A healthy child in just two weeks

Posted on Jan 19, 2012

Rapid recoveries are becoming common at a new Nutritional Rehabilitation Unit in Malawi.

 

By Robbie Flick, Health Programs Coordinator, Malawi

Two-year-old Rachel Namazongo has just started to grow her first strands of hair. Giggling, she eagerly munches on a piece of bread with an appetite that didn’t exist just a few weeks ago.

Blessings Banda, the HIV and Nutrition Manager for PIH’s sister organization in Malawi, APZU, recalled Rachel’s condition when she first came to a children’s clinic in the village of Ligowe in the rural southwestern corner of the country. Listless and with sunken eyes, the toddler was dehydrated and severely malnourished. The circumference of her upper arm, a standard method of assessing the nutritional status of children, was less than 9 centimeters — about the circumference of a plastic bottle cap. At this acute stage of malnutrition, she was so sick that she did not want to eat, said Banda. Her mother was frightened.

Clinicians from APZU and the Malawian Ministry of Health saw that Rachel needed immediate medical care, and quickly transported her to Neno District Hospital for admission into the new Nutritional Rehabilitation Unit (NRU).

A complex battery of health issues most likely contributed to the young girl’s malnutrition. She was treated for parasites and given antibiotics to help fight other possible infections. She was also diagnosed with HIV, and quickly began a course of life-saving antiretroviral therapy (ART). The medication soon helped spark a renewed appetite, said Banda. And the NRU staff was well-equipped to provide her with food specially formulated to combat her condition.

 
 

Rachel one week after being discharged from the Nutritional Rehabilitation Unit, with Blessings Banda, HIV and Nutrition Manager for APZU.

Every day, she ate packets of a special calorie-rich therapeutic food. Thanks to partnerships with UNICEF and Two Degrees Food, APZU has access to a peanut-based therapeutic formula for treating malnourished patients. The special calorie-rich product quickly helped put weight onto her small frame. After just two weeks of the intensive therapy, which also included drinking a daily concoction of nutrients, Rachel was well enough to return home. As an enrolled patient in APZU’s outpatient nutrition program, she is provided with food packets from our partners and other food supplies to help prevent malnutrition from returning, reported Banda. She will also continue to receive ART for the rest of her life.

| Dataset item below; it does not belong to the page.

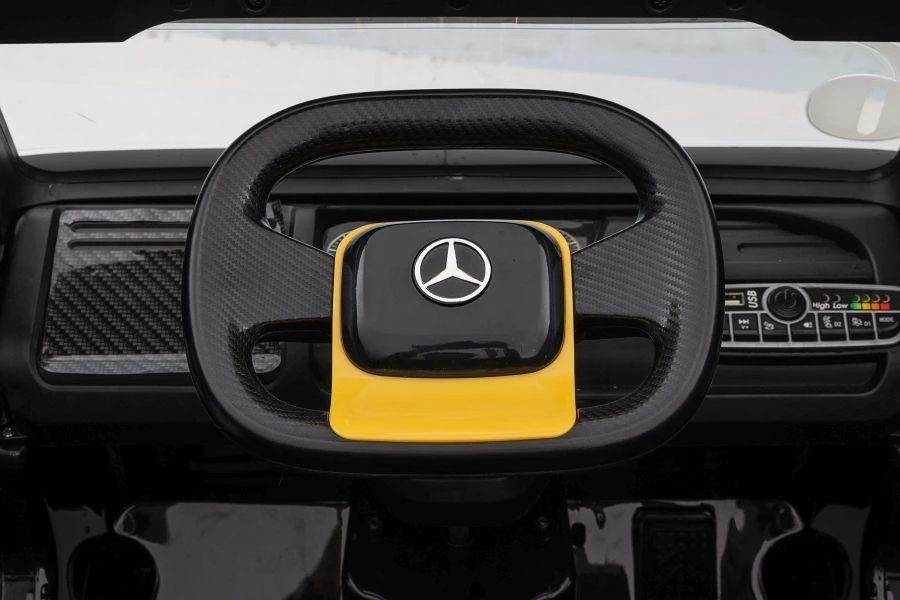 Lean Cars Vienvietis elektromobilis su priekaba Mercedes-Benz Axor XMX622, geltonas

Rachel is one of more than 30 children who are enjoying healthy childhoods thanks to the lifesaving care provided by the NRU since it opened in May. The space — with its walls of colorful, hand-painted cartoon animals and hanging dioramas of repurposed plastic — allows clinicians at PIH to provide a full spectrum of care for acutely malnourished children, from treatment of underlying infections like HIV and malaria, to a balanced food regimen that allows rapid recovery. Because of the NRU, a child like Rachel can quickly recover from a critical state, and begin living a healthy childhood in just two weeks.